Drawbacks of plain CNNs

The paper mentions and it is also quite intuitive that with deepening the network, the learning process slows down. Why? Because in a plain network which is deep, the gradients which flow from the output layer back to the first layer becomes lower and lower in most cases. This could be attributed to the chain rule of derivatives and the fact that multiplication of numbers in the range [0-1] keeps reducing the magnitude of the product. The visual below should make this more clear.

INSERT IMAGE HERE Chain Rule & error backpropagation

Why are the derivatives small? This could be attributed to two reasons:

  1. Selection of activation function: Activation functions like tanh and sigmoid tend to saturate at the extremes and only give signal in a small range of values. So, their derivatives plateau out to sub-one magnitudes and the chain rule of multiplication will compound the effect of these activations more in case of deeper architectures.

  2. Nature of loss landscape: As we start approaching any optimal point (local or global), the derivative of the objective function wrt weights will go on decreasing because the slope will start reducing. This will shrink the gradients and therefore the updates/penalization magnitude in earlier layers will be small due to the same reason as above.

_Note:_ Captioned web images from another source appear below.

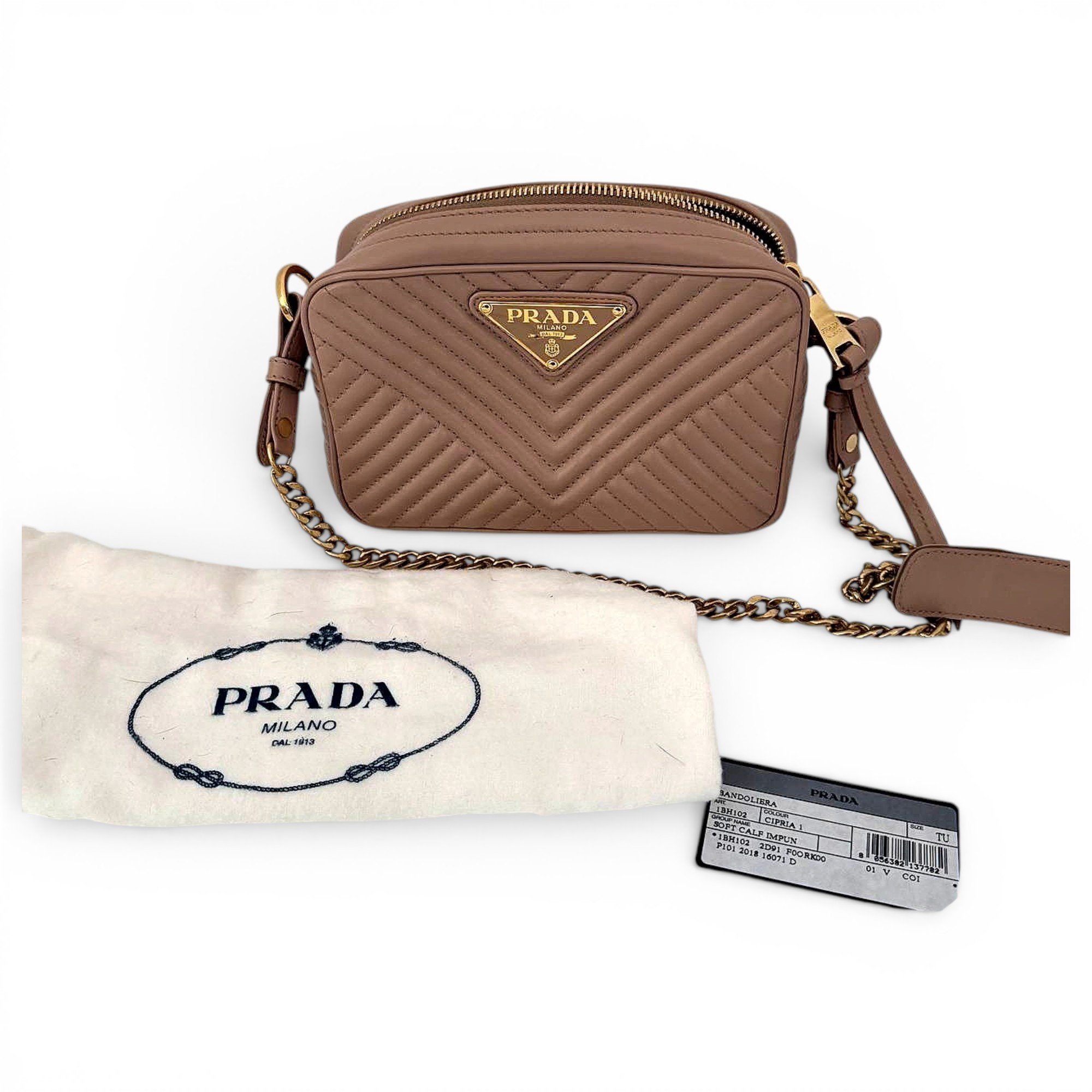 Diagramme leather crossbody bag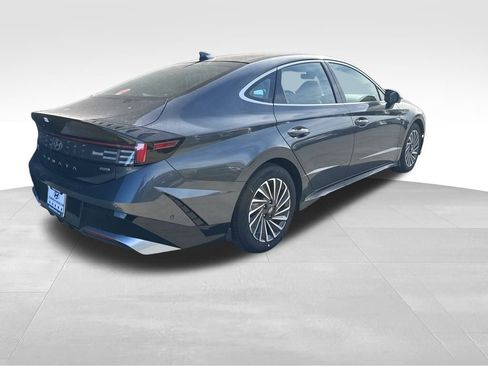 New 2026 Hyundai Sonata Limited image 4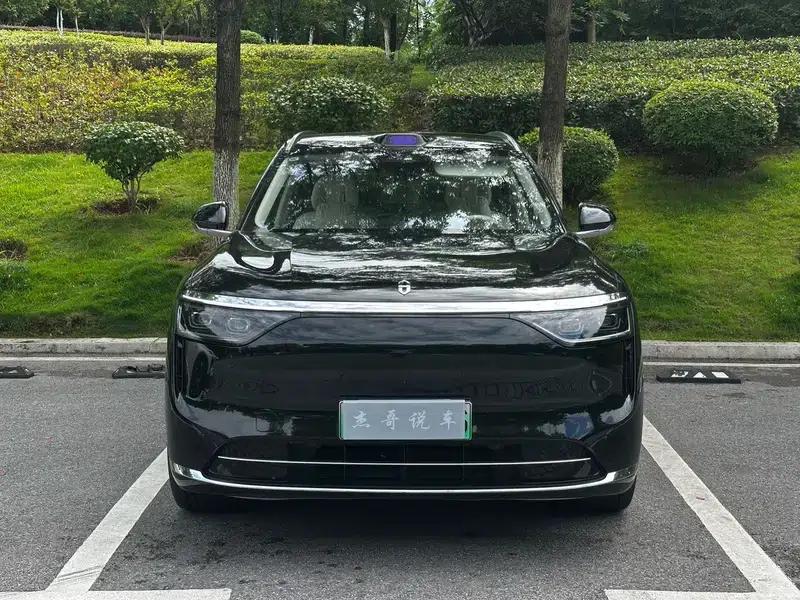 Wenjie M8 2025 Extended Range Ultra 6-Seat 4WD (192-line LiDAR) — миниатюра 2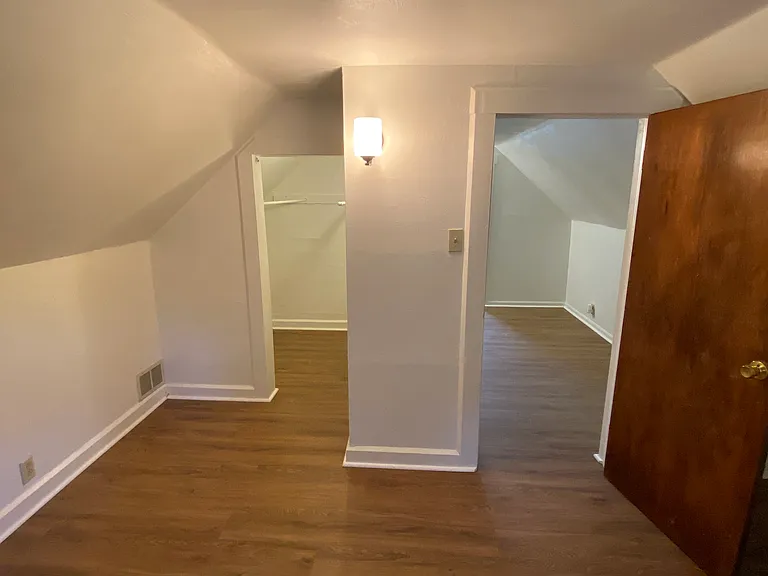 811 Willard St — Photo 12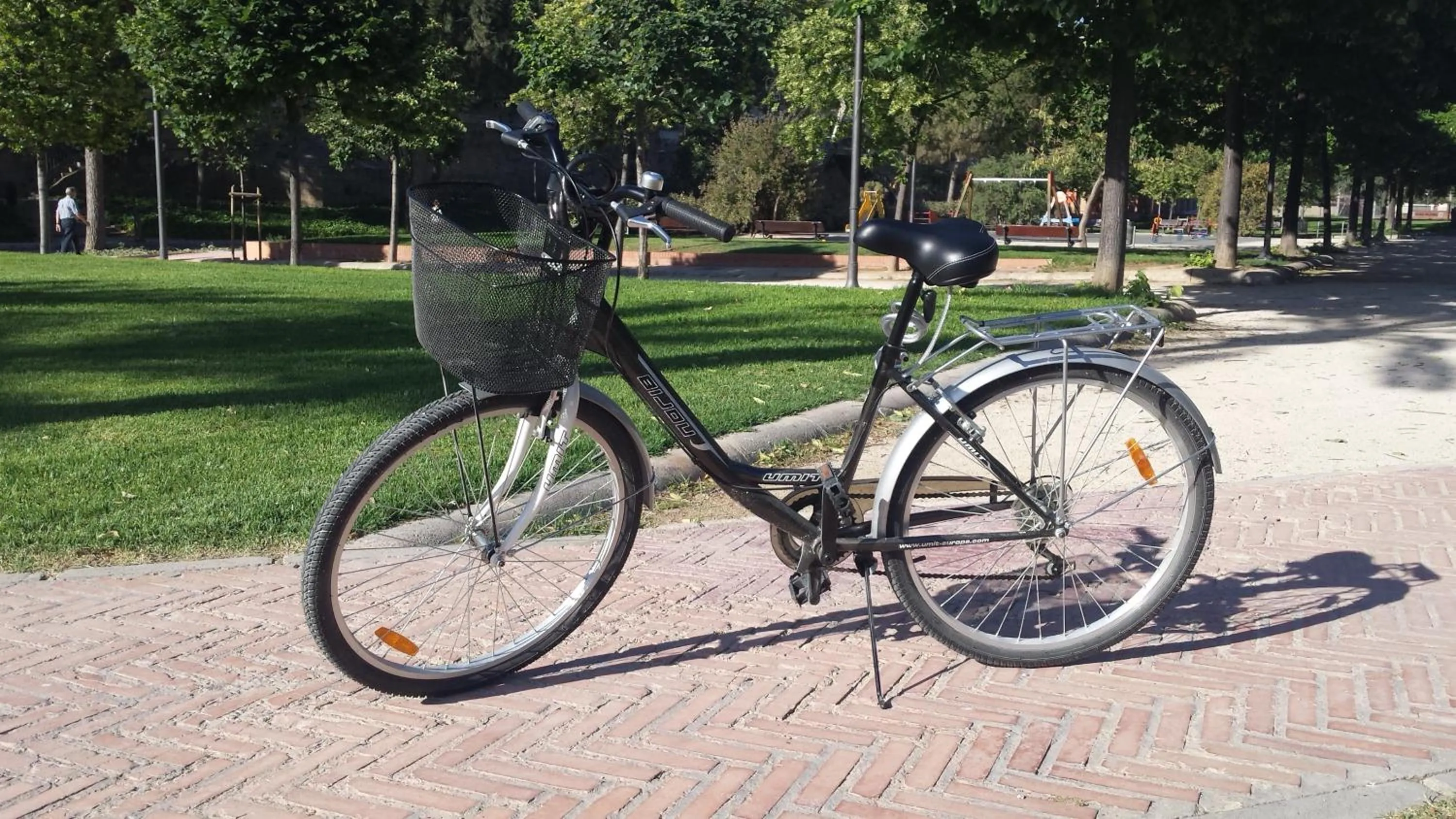 Cycling in Pio XII Apartments Valencia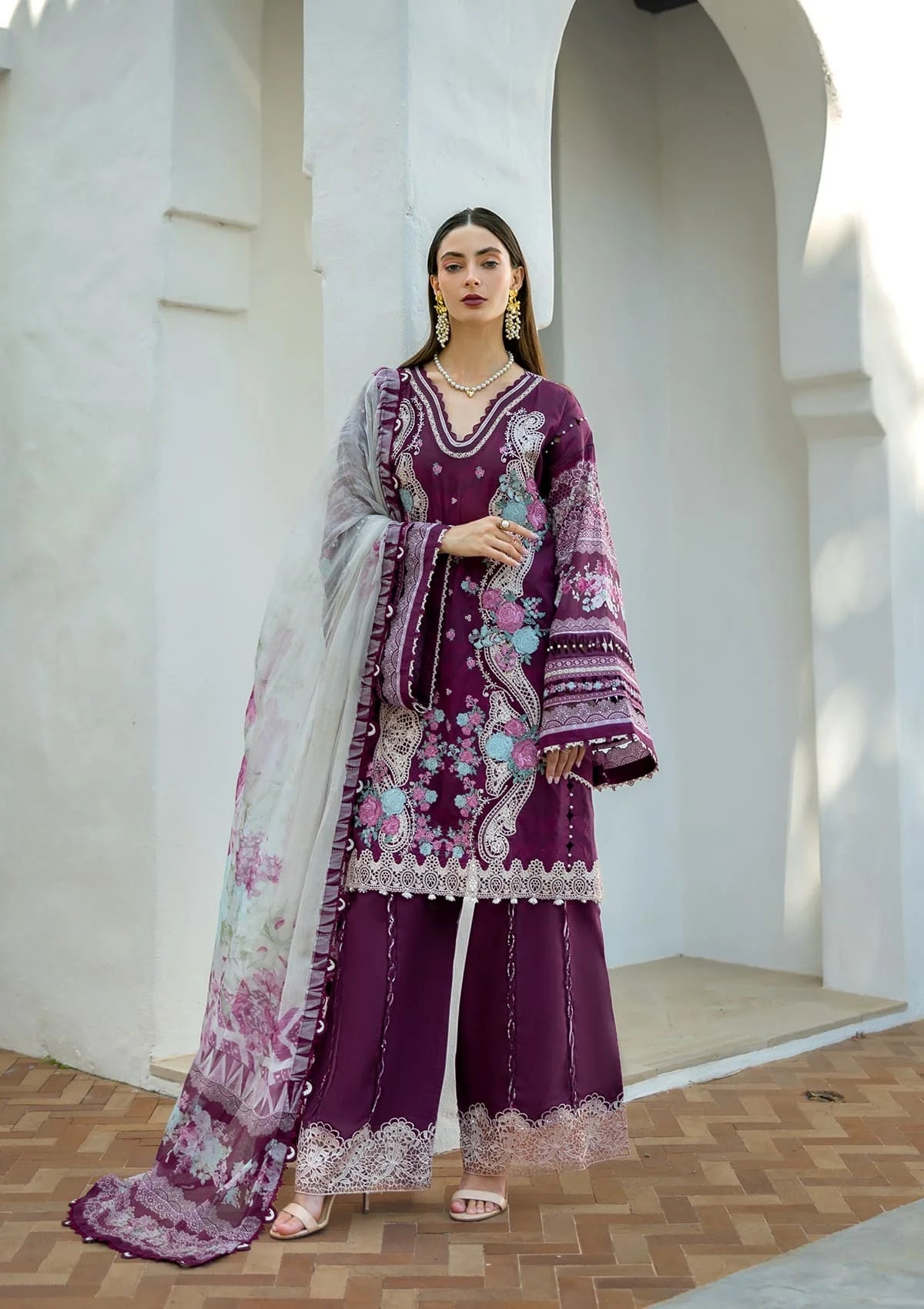 Elaf Embroidered Lawn Suits stitched 3 Piece EL25SL ETS-06B AZOTIC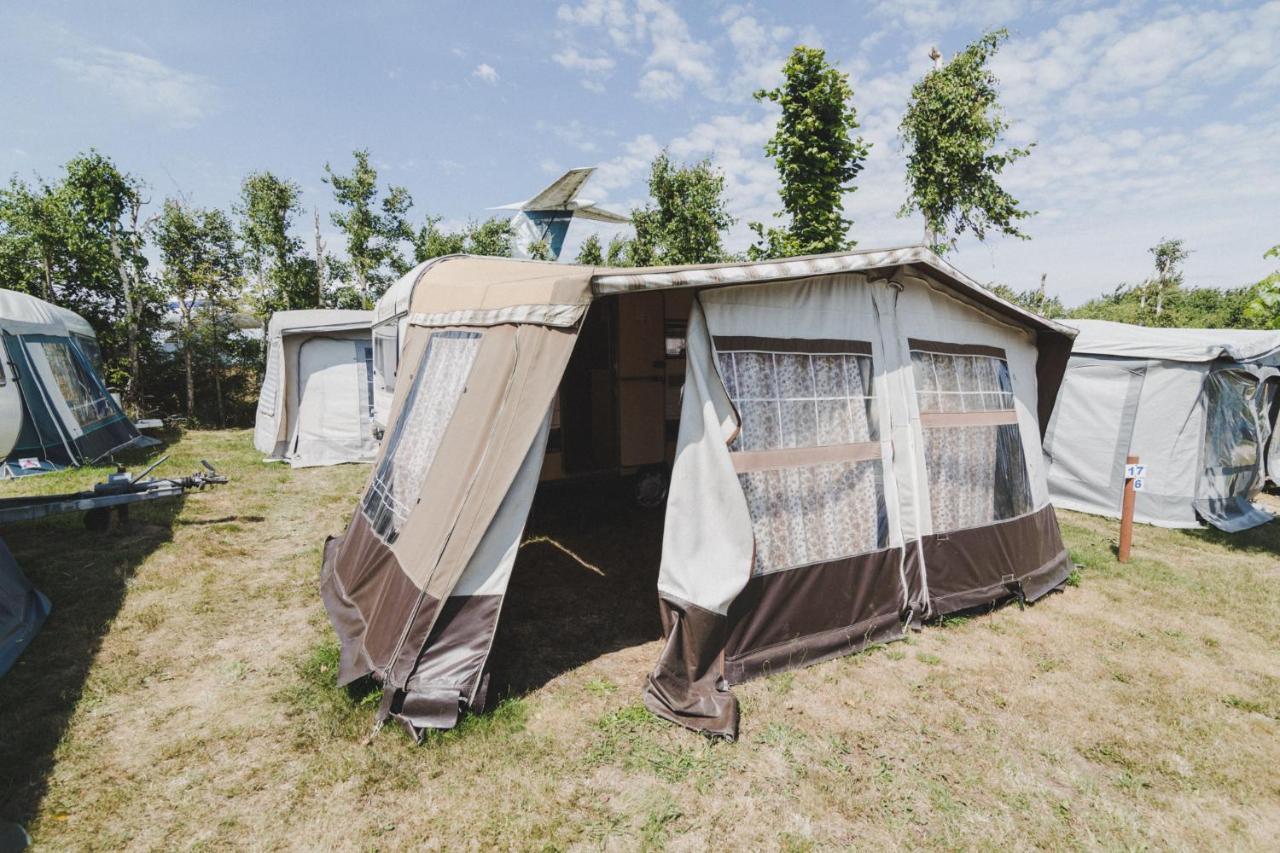 ホテル Keja Camping Chlapowo Władysławowo エクステリア 写真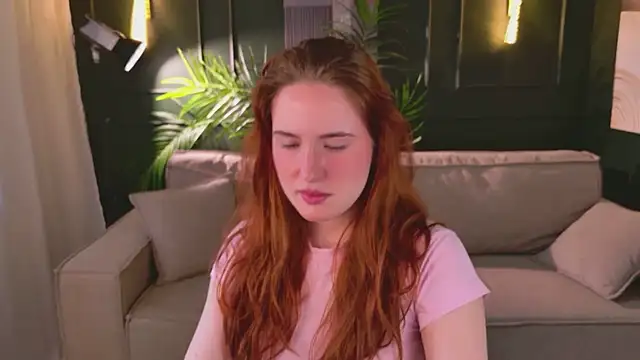 Snapshot of ChloeAster chatting on June 21, 7:03 am ChloeAster online show from June 21, 7:03 am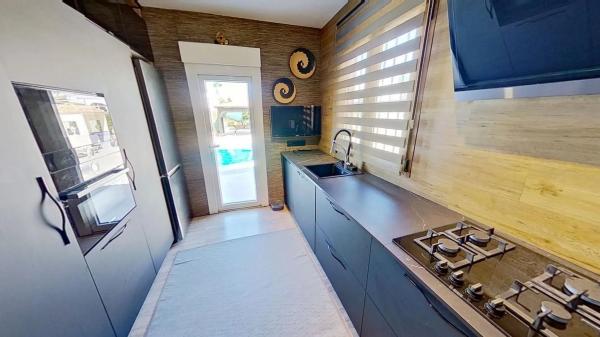 Casa independiente en calle Huelma, 3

INSERT IMAGE HERE - Sigmoid derivatives & Loss landscape

In order for effective learning to happen, there should be a relatively decent error signal which backpropagates/penalizes the weights so that they optimize the objective function. There could be many ways to do this but one of the ideas which is presented in Resnets is this idea of skip connection. Consider the block below.

The idea behind Resnet

INSERT IMAGE HERE - Resblock

Now, in addition to a plain forward pass, we are adding a connection from a downstream component to an upstream component every fixed number of skips/layers (2 here). When we’re going to update the weights therefore, we’re gonna have two avenues/signals to penalize the weights to get them to the optimal state. One is the plain forward pass and one is this skip pass. This way the magnitude of signals that go into updating/penalizing these weights for the downstream task will be higher and the learning process will hence be more effective.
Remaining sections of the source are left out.